Web page caption snippets
<<<<

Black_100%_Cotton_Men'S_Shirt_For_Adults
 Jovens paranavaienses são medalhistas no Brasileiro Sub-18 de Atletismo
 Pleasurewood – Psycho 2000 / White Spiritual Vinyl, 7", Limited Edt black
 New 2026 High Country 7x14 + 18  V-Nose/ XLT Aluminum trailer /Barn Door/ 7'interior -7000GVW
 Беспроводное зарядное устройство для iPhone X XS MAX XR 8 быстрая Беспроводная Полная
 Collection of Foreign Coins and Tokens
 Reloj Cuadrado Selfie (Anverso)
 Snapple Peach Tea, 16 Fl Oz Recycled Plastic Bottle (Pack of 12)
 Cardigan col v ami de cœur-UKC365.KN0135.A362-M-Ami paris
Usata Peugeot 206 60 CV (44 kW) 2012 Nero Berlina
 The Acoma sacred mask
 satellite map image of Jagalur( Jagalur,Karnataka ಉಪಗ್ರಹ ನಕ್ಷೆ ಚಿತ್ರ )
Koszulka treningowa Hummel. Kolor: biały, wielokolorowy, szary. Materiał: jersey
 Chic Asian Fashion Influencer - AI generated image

>>>>

-- TASK BRIEF --
Where a line in the entries holds the word "image", copy that line.

-- RESPONSE AREA --
 satellite map image of Jagalur( Jagalur,Karnataka ಉಪಗ್ರಹ ನಕ್ಷೆ ಚಿತ್ರ )
 Chic Asian Fashion Influencer - AI generated image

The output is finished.